Try it: Skipping any pictures, give all of the records below again exactly.

Data supplied:
..............................
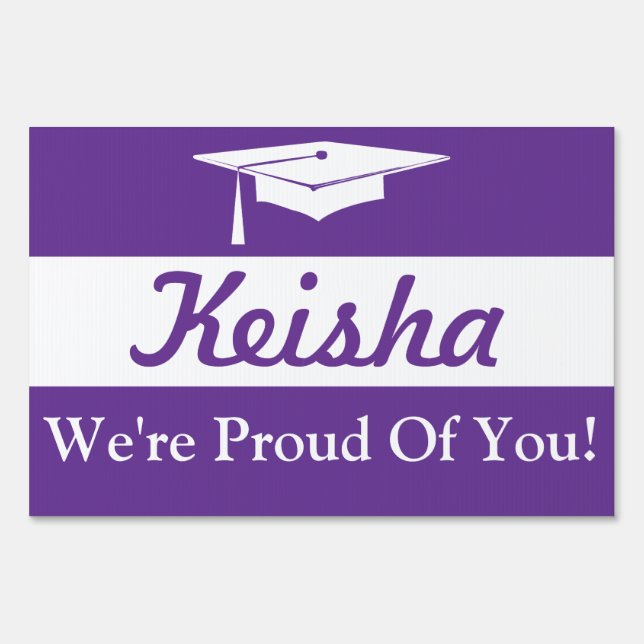 Graduation Cap Simple Modern Purple Sign (Front)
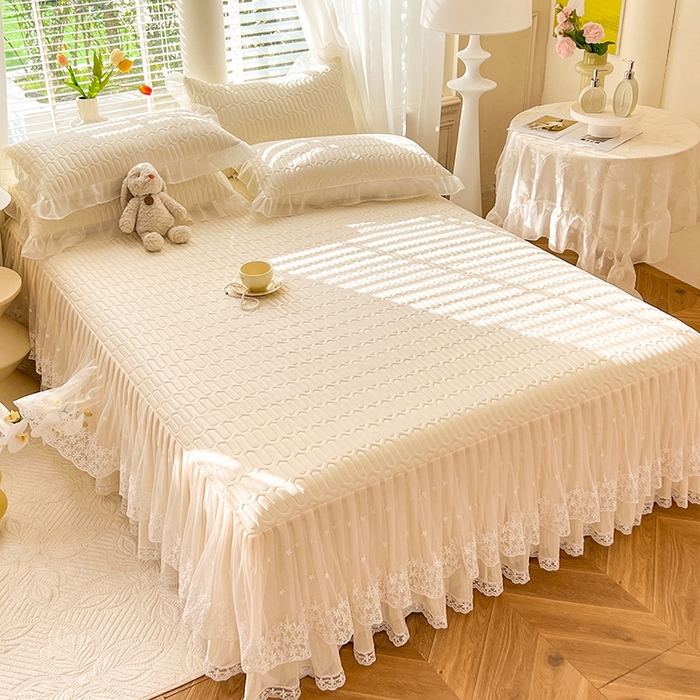 91家纺网 家纺一手货源 找家纺 后庭寝室 2026春夏新款乳胶凉席夏凉被空调被夏被四件套-爱意系列 爱意-米色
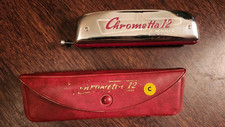 Chrometta 12 by M Hohner entry-level 3-octave harmonica made in Germany w/case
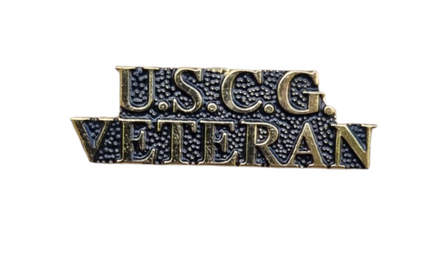 Spilla in metallo smaltato scritta USCG Veteran Guardia Costiera Semper Paratus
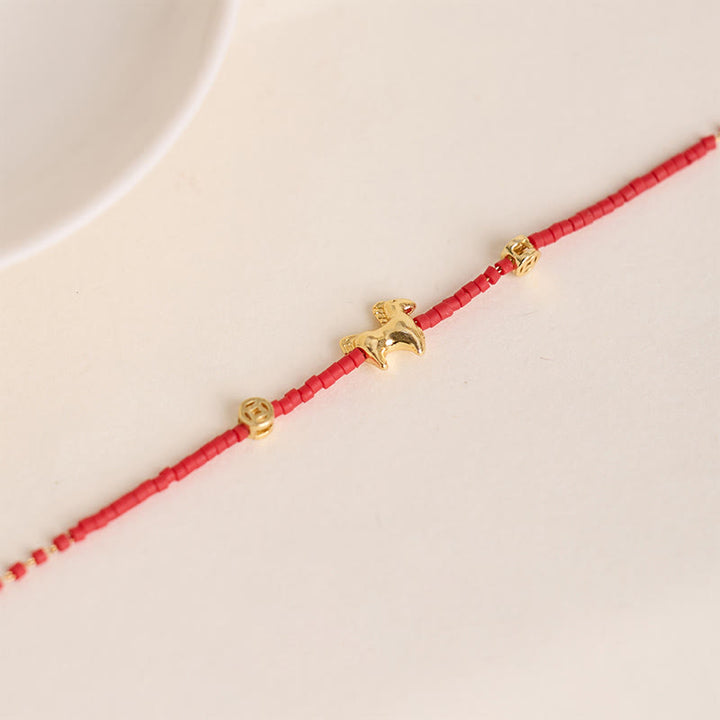 Pulsera de la prosperidad con cristales Liuli rojos del Año del Caballo y plata de ley 925 bañada en oro con Buddha Stones - image 2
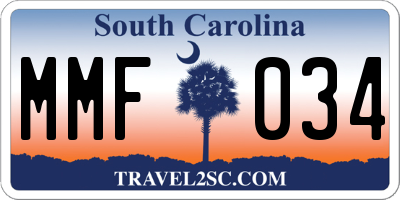 SC license plate MMF034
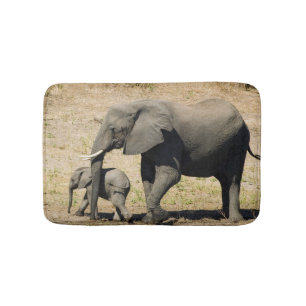 Tapete De Banheiro Elefante e mãe do bebê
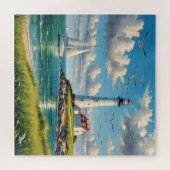 Weißes Leuchtturm mit Segelboot Puzzle (Horizontal)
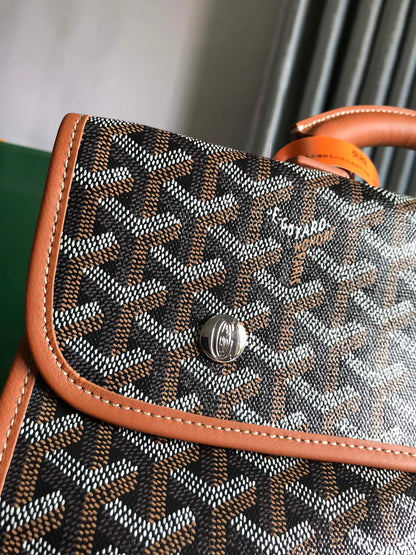 SAINT L¨¦GER BACKPACK 35 IN BROWN GOYARDINE CANVAS AND CALFSKIN WITH CARTOON PATCH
..............................
Result:
 Graduation Cap Simple Modern Purple Sign (Front)
 91家纺网 家纺一手货源 找家纺 后庭寝室 2026春夏新款乳胶凉席夏凉被空调被夏被四件套-爱意系列 爱意-米色
 Chrometta 12 by M Hohner entry-level 3-octave harmonica made in Germany w/case
 Spilla in metallo smaltato scritta USCG Veteran Guardia Costiera Semper Paratus
 Pulsera de la prosperidad con cristales Liuli rojos del Año del Caballo y plata de ley 925 bañada en oro con Buddha Stones - image 2
 SC license plate MMF034
 Tapete De Banheiro Elefante e mãe do bebê
 Weißes Leuchtturm mit Segelboot Puzzle (Horizontal)
 SAINT L¨¦GER BACKPACK 35 IN BROWN GOYARDINE CANVAS AND CALFSKIN WITH CARTOON PATCH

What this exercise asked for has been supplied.